En realidad, Donaldo Bossa fue el último relator oral de Cartagena. Conocía la historia minuciosa de cada templo, cada calle, cada casa colonial, cada plaza, cada palacio, cada muralla, cada fuerte, cada batería. Se había aprendido de memoria la ascendencia de sus habitantes. Experto en heráldica española, por lo cual se hizo amigo íntimo del mismísimo Duque de Alba, sabía con exactitud la totalidad de la genealogía cartagenera. Incluso, él mismo había descubierto que era descendiente lejano de Manuel Marcelino Núñez, uno de los próceres de la independencia de La Heroica.

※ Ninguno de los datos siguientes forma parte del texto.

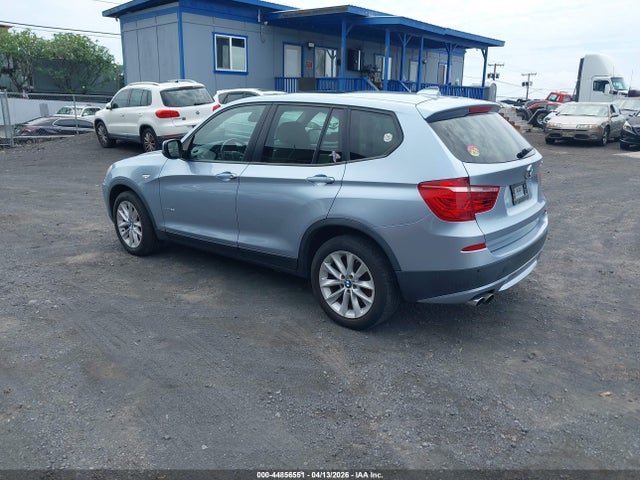 BMW X Series Xdrive28i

Se vanagloriaba de ser el recibidor y el guía de los personajes ilustres que visitaban la ciudad amurallada. Con la misma exquisitez de su palabra atendió por igual a Franklin Delano Roosevelt como al rey Juan Carlos de España. Y cuando estuvo en España como cónsul de Colombia en Sevilla, durante la administración de Alfonso López Michelsen, se dio el lujo de corregir a los propios guías del palacio de El Escorial. Sabía más de Felipe el Hermoso y Juana la Loca que muchos de sus colegas ibéricos. Españófilo por naturaleza, también se empeñó en someter a su memoria al aprendizaje de la tauromaquia y se volvió experto en la vida de los grandes toreros del siglo: Belmonte, El Gallo, Manolete, Dominguín.

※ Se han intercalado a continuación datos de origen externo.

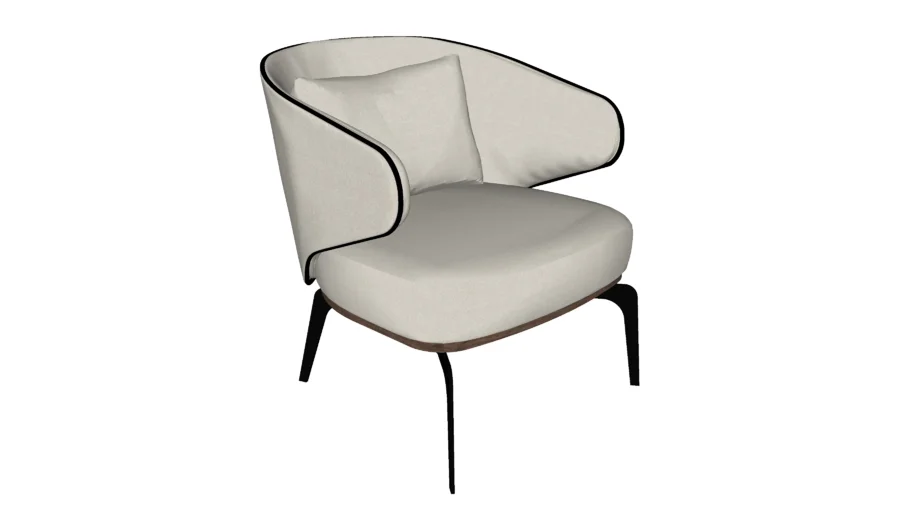 LOUNGE CHAIR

Su mente, fuerte y amplia, le hacía honor a su cuerpo. Alto y fornido, a los 60 años era todavía un roble. Vestido de sombrero de paja y una infaltable guayabera de manga larga, coronada con un corbatín, Bossa Herazo subía y bajaba las escaleras de La Inquisición con la pericia de un adolescente. Eduardo Lemaitre solía comentar a sus contertulios: "Míralo, ya pasó de los 60 y creo que hasta ahora sólo se le ha picado una muela. De seguir así este hombre va a cumplir 100 años". Pero la premonición no se cumpliría. Había nacido un 20 de julio y quizás por eso el destino lo había encaminado por los senderos de la historia. Sin embargo, tal vez por autodidacta o por desordenado, dejó escrito mucho menos de lo que en realidad abarcó su conocimiento. Su mente produjo el anecdotario más completo de la historia de Cartagena, pero dejó muy pocas evidencias de sus conversaciones sabias. A los 92 años, bajo una lucidez que no dejó de causar asombro entre sus amigos, Donaldo Bossa se enfrentó por fin a la muerte. Ya lo había hecho su más íntimo compañero de discusiones, Eduardo Lemaitre, y también Ramón de Zubiría. Sólo faltaba él y cumplió su llamado la semana pasada, llevándose consigo, de paso, la memoria oral más grande de La Heroica.